About this exercise - No pictures go into the copy. Write out every line below exactly.

Collected data -
======
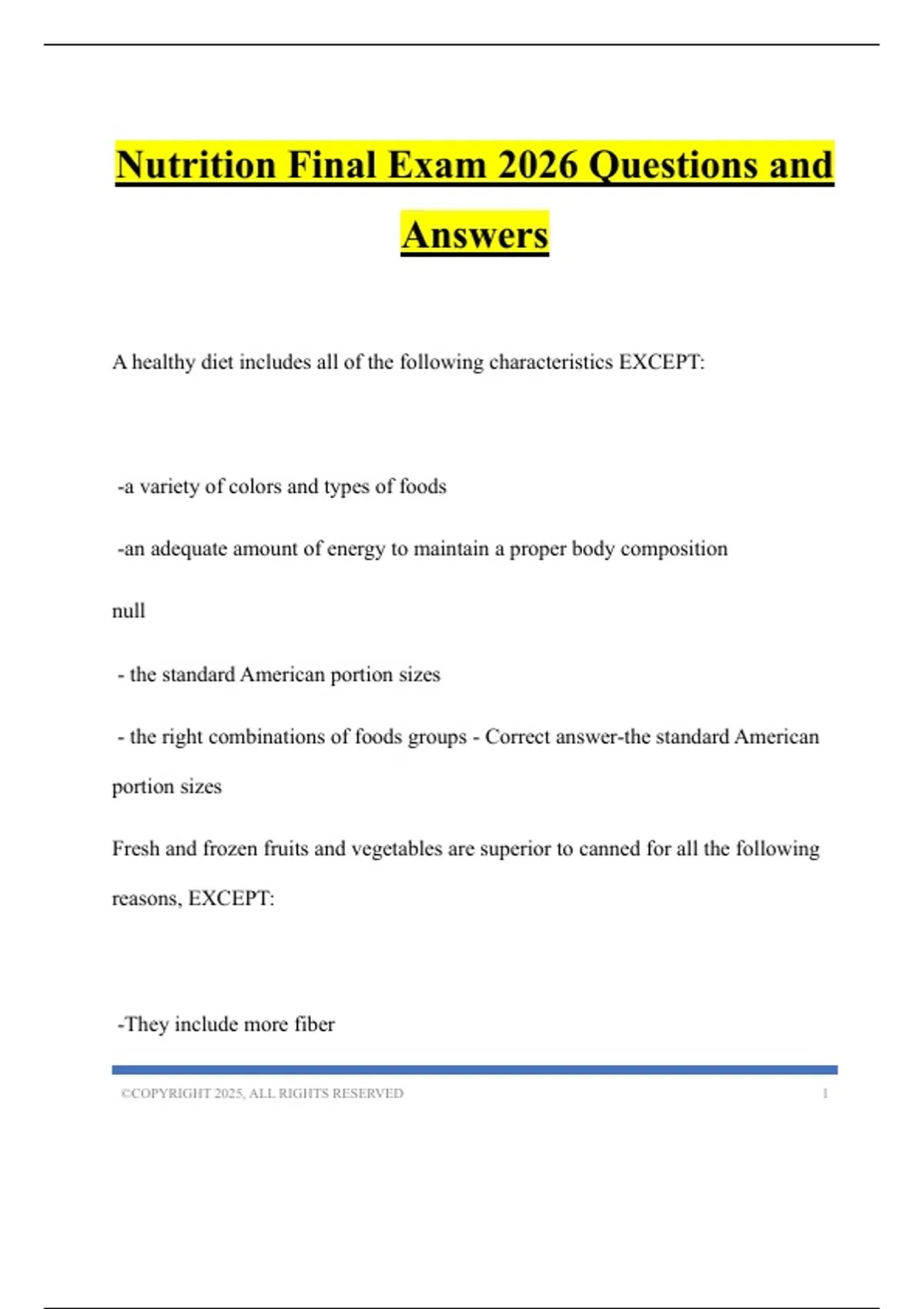 Nutrition Final Exam 2026 Questions and Answers - WGU C213 PA & OA ...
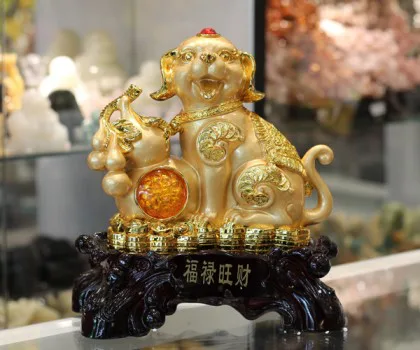 Chó vàng đạp hồ lô - Phước thiên vượng tài C016A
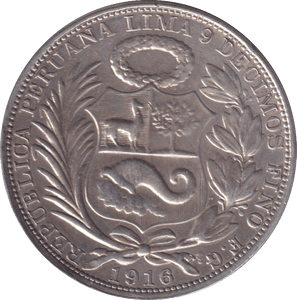 1916 SILVER 1 SOL PERU - SILVER WORLD COINS - Cambridgeshire Coins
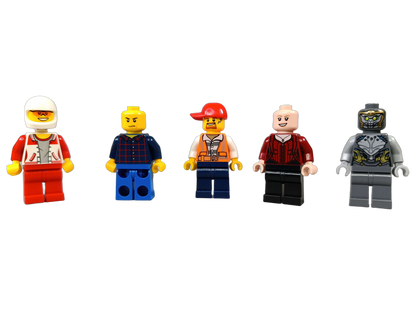 LEGO Bundle Rennfahrer & Bauarbeiter Set von 5 Minifiguren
======
Written response -
 Nutrition Final Exam 2026 Questions and Answers - WGU C213 PA & OA ...
 Chó vàng đạp hồ lô - Phước thiên vượng tài C016A
 1916 SILVER 1 SOL PERU - SILVER WORLD COINS - Cambridgeshire Coins
 LEGO Bundle Rennfahrer & Bauarbeiter Set von 5 Minifiguren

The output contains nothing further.